Owen Aaronovitch (born 1956) is a British actor, known for portraying Jon Lindsay in Coronation Street.

Background
Aaronovitch was born in Parliament Hill, London. He is the son of the late economist and communist Sam Aaronovitch, and brother of the journalist David Aaronovitch and writer Ben Aaronovitch. Aaronovitch attended Dame Alice Owen's School in Islington, and at the age of eighteen moved to Newcastle to study creative arts.

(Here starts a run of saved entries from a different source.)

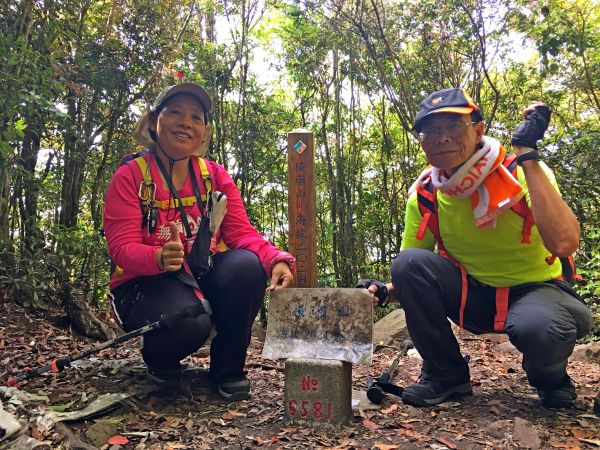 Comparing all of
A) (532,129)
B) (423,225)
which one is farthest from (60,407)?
(532,129)

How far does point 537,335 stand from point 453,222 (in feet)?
2.38

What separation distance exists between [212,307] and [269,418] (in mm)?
701

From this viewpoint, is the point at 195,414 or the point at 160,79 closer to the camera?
the point at 195,414

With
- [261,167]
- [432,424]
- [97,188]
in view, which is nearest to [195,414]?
[432,424]

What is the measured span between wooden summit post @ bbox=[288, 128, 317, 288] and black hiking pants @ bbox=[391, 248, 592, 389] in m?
0.49

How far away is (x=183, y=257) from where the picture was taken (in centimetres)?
257

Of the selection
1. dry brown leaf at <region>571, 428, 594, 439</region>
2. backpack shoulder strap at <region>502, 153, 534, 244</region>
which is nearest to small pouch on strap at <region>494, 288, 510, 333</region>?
backpack shoulder strap at <region>502, 153, 534, 244</region>

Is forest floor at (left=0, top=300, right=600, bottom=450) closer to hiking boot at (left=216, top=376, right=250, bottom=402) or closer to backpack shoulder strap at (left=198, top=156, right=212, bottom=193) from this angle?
hiking boot at (left=216, top=376, right=250, bottom=402)

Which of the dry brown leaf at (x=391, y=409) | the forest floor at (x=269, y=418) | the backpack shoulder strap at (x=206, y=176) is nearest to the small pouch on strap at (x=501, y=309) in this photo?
the forest floor at (x=269, y=418)

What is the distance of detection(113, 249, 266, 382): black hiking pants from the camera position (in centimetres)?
260

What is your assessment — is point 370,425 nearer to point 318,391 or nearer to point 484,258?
point 318,391

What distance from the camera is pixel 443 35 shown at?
681 centimetres

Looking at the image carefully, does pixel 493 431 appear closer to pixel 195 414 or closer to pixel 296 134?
pixel 195 414

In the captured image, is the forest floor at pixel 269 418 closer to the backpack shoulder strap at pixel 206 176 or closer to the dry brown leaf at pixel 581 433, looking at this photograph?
the dry brown leaf at pixel 581 433
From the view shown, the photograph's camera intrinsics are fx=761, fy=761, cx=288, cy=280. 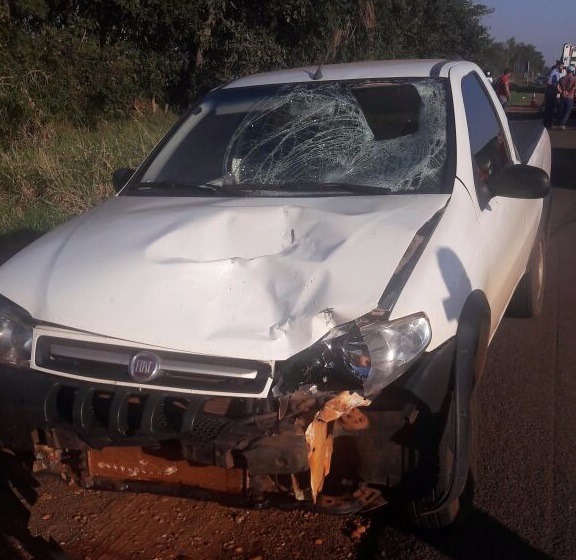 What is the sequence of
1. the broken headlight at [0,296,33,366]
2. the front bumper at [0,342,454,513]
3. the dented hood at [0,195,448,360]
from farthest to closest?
the broken headlight at [0,296,33,366]
the dented hood at [0,195,448,360]
the front bumper at [0,342,454,513]

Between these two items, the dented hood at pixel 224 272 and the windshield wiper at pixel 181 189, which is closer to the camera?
the dented hood at pixel 224 272

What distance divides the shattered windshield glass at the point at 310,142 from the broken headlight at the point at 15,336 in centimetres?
124

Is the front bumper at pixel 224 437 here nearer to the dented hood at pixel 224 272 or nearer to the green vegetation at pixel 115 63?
the dented hood at pixel 224 272

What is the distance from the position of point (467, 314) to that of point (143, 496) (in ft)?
5.42

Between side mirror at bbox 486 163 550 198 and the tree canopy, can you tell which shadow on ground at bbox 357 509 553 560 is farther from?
the tree canopy

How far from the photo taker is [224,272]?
9.54 feet

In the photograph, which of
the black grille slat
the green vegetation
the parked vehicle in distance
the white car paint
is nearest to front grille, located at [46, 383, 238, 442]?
the black grille slat

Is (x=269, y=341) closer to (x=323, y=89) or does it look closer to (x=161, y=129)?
(x=323, y=89)

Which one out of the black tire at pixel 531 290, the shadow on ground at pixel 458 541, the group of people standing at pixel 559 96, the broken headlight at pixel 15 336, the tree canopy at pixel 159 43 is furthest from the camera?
the group of people standing at pixel 559 96

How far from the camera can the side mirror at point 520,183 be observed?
3.62 m

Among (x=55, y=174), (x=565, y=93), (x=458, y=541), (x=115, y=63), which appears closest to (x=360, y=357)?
(x=458, y=541)

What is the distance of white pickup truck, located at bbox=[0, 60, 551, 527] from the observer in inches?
100

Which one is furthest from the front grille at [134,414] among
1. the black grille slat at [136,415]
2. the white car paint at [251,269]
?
the white car paint at [251,269]

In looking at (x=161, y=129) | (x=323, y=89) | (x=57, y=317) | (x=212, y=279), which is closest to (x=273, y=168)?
(x=323, y=89) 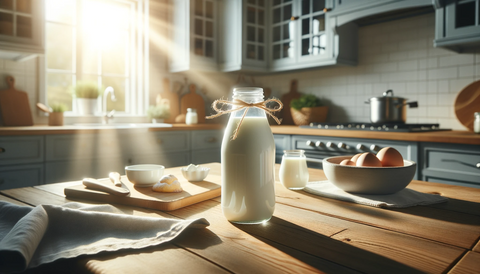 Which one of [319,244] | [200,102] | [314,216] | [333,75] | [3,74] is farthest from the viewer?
[200,102]

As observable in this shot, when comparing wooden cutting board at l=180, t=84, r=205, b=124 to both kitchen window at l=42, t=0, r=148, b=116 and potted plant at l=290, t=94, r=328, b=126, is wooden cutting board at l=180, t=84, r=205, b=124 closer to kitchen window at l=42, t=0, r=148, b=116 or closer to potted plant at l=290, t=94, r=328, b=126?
→ kitchen window at l=42, t=0, r=148, b=116

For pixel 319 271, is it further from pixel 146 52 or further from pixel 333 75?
pixel 146 52

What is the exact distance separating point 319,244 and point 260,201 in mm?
142

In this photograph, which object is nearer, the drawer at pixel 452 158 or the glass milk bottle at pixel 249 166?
the glass milk bottle at pixel 249 166

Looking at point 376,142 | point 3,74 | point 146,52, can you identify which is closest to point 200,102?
point 146,52

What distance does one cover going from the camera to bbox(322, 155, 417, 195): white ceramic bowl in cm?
87

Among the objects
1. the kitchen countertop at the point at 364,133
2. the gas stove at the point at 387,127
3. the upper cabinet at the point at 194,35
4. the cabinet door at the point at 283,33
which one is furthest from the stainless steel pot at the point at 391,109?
the upper cabinet at the point at 194,35

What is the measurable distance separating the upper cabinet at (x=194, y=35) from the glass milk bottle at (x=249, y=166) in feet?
9.70

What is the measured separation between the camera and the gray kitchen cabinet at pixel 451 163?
2021 mm

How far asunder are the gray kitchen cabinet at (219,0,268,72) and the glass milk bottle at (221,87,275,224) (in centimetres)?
298

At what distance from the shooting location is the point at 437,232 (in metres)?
0.66

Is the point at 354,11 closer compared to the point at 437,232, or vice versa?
the point at 437,232

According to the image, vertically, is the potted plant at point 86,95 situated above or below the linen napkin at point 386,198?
above

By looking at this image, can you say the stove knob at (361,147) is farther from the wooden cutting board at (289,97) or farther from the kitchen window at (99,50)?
the kitchen window at (99,50) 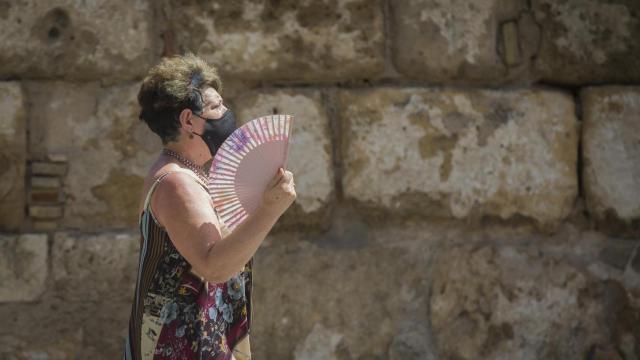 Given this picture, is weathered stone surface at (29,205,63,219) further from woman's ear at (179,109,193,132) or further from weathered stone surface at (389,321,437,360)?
weathered stone surface at (389,321,437,360)

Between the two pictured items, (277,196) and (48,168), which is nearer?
(277,196)

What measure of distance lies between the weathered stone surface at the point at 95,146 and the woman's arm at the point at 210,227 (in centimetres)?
143

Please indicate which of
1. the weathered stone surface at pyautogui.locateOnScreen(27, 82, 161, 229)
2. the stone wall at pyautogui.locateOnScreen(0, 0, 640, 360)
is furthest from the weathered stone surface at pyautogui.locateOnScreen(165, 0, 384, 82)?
the weathered stone surface at pyautogui.locateOnScreen(27, 82, 161, 229)

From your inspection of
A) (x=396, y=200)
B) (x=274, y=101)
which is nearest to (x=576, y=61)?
(x=396, y=200)

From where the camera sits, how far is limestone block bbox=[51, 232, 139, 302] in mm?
3832

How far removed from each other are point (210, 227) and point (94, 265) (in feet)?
5.10

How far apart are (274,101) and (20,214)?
112 centimetres

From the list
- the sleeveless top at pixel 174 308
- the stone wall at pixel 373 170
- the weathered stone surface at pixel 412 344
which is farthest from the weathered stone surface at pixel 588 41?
the sleeveless top at pixel 174 308

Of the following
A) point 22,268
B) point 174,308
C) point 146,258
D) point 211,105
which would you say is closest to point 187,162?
point 211,105

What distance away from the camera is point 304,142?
4.01m

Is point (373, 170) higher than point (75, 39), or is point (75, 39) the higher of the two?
point (75, 39)

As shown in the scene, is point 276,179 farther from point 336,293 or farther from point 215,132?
point 336,293

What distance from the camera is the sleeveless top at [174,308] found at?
2.55 meters

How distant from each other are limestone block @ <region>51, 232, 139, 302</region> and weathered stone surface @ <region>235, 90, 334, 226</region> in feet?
2.24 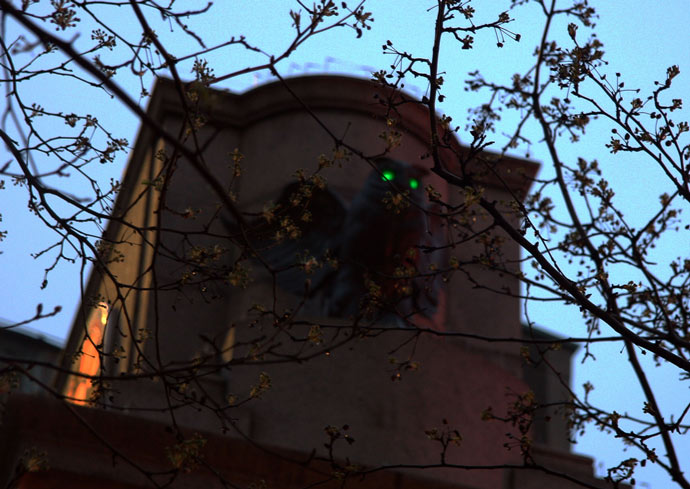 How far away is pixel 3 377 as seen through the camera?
16.8 ft

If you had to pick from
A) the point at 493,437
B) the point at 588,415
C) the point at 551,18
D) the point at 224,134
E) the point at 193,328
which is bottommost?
the point at 588,415

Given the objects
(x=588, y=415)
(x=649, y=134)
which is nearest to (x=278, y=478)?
(x=588, y=415)

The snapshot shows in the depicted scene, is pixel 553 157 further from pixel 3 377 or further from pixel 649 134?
pixel 3 377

Aaronovitch is married to actress Fiona Bruce, with whom he has two children, Frankie and Ruben. It is often falsely reported on fan websites that Aaronovitch's wife is the newsreader and Antiques Roadshow presenter, Fiona Bruce. This is false. His wife, of the same name, is an actress and teaches drama along with her husband.

Acting career
Aaronovitch made his professional debut at the Belgrade Theatre in Coventry. His theatre work includes The Great Gatsby, The Hunchback of Notre Dame, Pinocchio, The Waltz and Red Dust Blue Dreams.

Aaronovitch played the role of fake airline pilot Jon Lindsay, the con man responsible for Deirdre Rashid's imprisonment, in Coronation Street from 1997 to 1998. He also did a drag parody of this role, as a drag character called Jean Lindsay on Harry Hill.

His other television credits include Prime Suspect, A Touch of Frost, Reckless, The Bill and Doctors.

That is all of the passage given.